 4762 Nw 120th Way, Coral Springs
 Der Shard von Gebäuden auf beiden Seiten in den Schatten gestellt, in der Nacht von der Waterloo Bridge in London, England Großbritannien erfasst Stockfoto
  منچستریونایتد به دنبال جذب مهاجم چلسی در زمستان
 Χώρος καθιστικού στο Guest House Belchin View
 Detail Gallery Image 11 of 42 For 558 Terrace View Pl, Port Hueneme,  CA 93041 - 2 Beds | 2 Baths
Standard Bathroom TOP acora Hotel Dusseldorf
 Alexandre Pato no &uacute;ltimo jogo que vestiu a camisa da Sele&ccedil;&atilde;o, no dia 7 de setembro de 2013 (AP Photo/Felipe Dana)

* * *

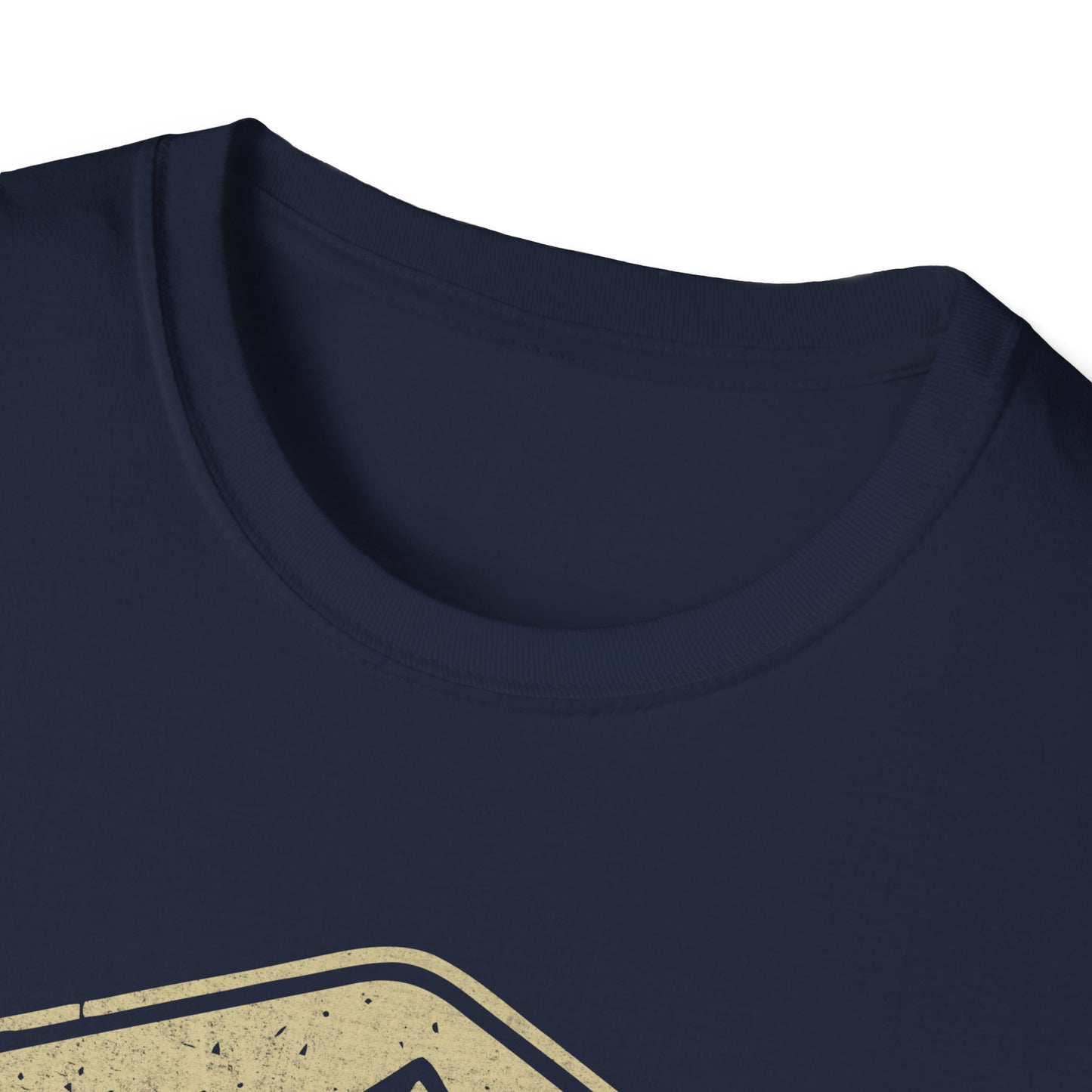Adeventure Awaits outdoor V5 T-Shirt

# EXERCISE
The reply should hold only the lines of the listing above starting at the line containing "منچستریونایتد به دنبال" and ending at the line containing "Standard Bathroom TOP acora Hotel Dusseldorf", exactly as written.

# ANSWER TO THIS TASK
  منچستریونایتد به دنبال جذب مهاجم چلسی در زمستان
 Χώρος καθιστικού στο Guest House Belchin View
 Detail Gallery Image 11 of 42 For 558 Terrace View Pl, Port Hueneme,  CA 93041 - 2 Beds | 2 Baths
Standard Bathroom TOP acora Hotel Dusseldorf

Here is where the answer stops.